Who wants to bet that the announcement includes a integrated memory controller? I wouldn't be suprised if they just licenced Opteron technology from AMD; it would be alot cheaper than developing their own. Although, they could always just outright steal it.
Bugs are just features that have been fixed.
As we all know, the Pentium 4 is a pretty goofy, shlocky design. The Pentium M is good, but it's essentially a Pentium Pro. That's 10 years old.
Intle NEEDS to prove that they can still make a good x86 chip from "scratch".
One has to wonder if Apple had any 'insight' to these plans when they signed the deal.
Actually, it is pretty likely that Apple was given a full roadmap and a few engineers to explain the whole thing while in in discussions and under NDA. The real questions are did this have anything to do with Apple's decision, is this in response to the deal with Apple, or is this just coincidental.
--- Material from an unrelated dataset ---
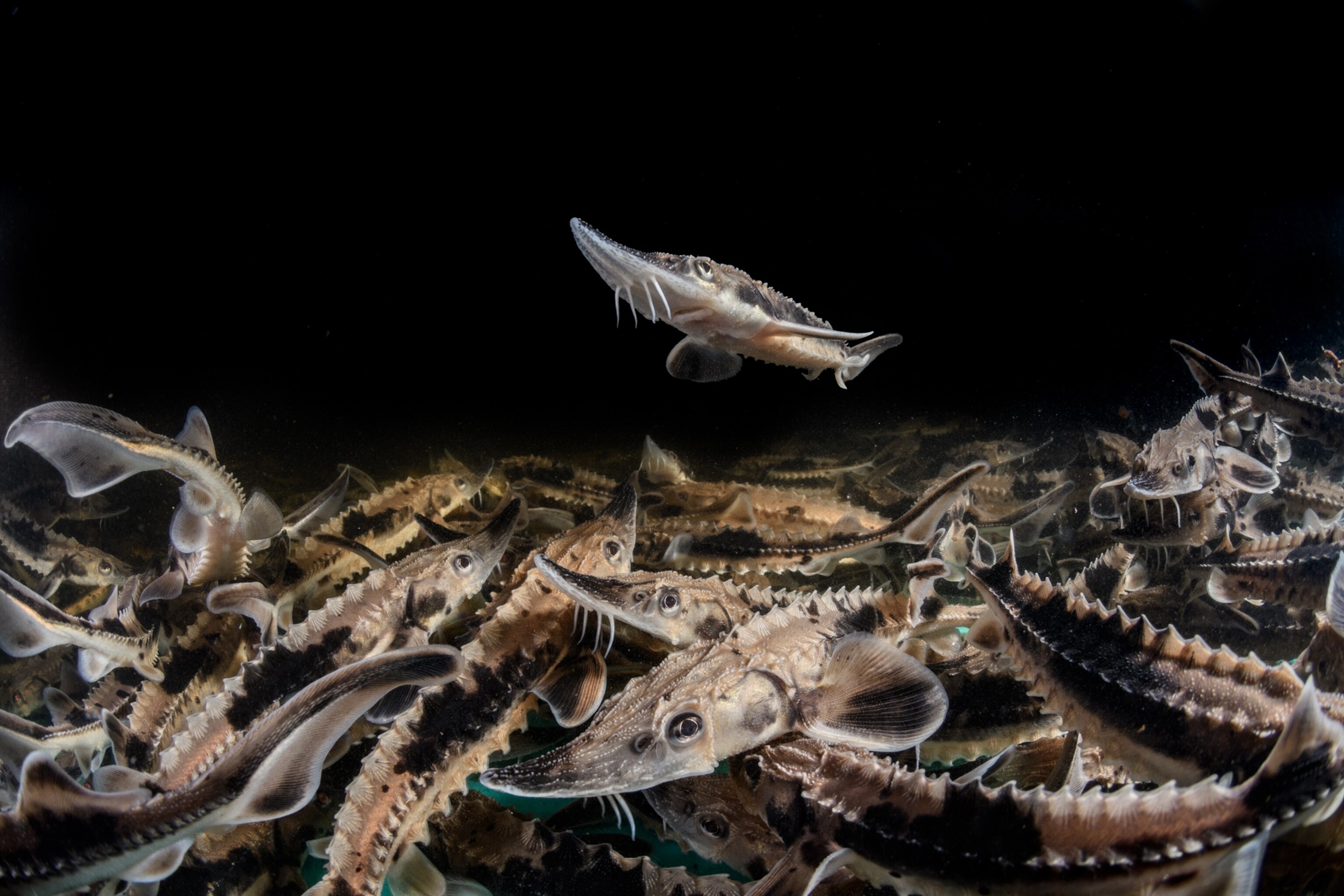 Several fingerlings gather toward the bottom of the frame. One fingerling swims above the crowd.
The article seems to pretend that the Israeli design teams low power Pentium M doesn't exist. It says the last major design change was the Pentium 4 (which was prior to the Pentium M), and doesn't mention that current and (already announced) future Pentium M based designs match the description given.
Though they may not want to admit it, Intel knows they've lost the 64-bit format war for desktops at least.
So probably what the are working on is a next gen x86 architecture. Those don't come out too often, usually the design one and just modify it for a number of years. It sounds like they are going to start using modifiations on their Pentium M for desktops, which is cool since it is efficient both thermally and in terms of what it does per clock, but there's a limited life to it and they know it. The Pentium M is something of a throwback to the P3, which itself is really based on the Ppro design.
So my guess is Intel figures it's time to unviel a new design for a core, but on x86 architecture.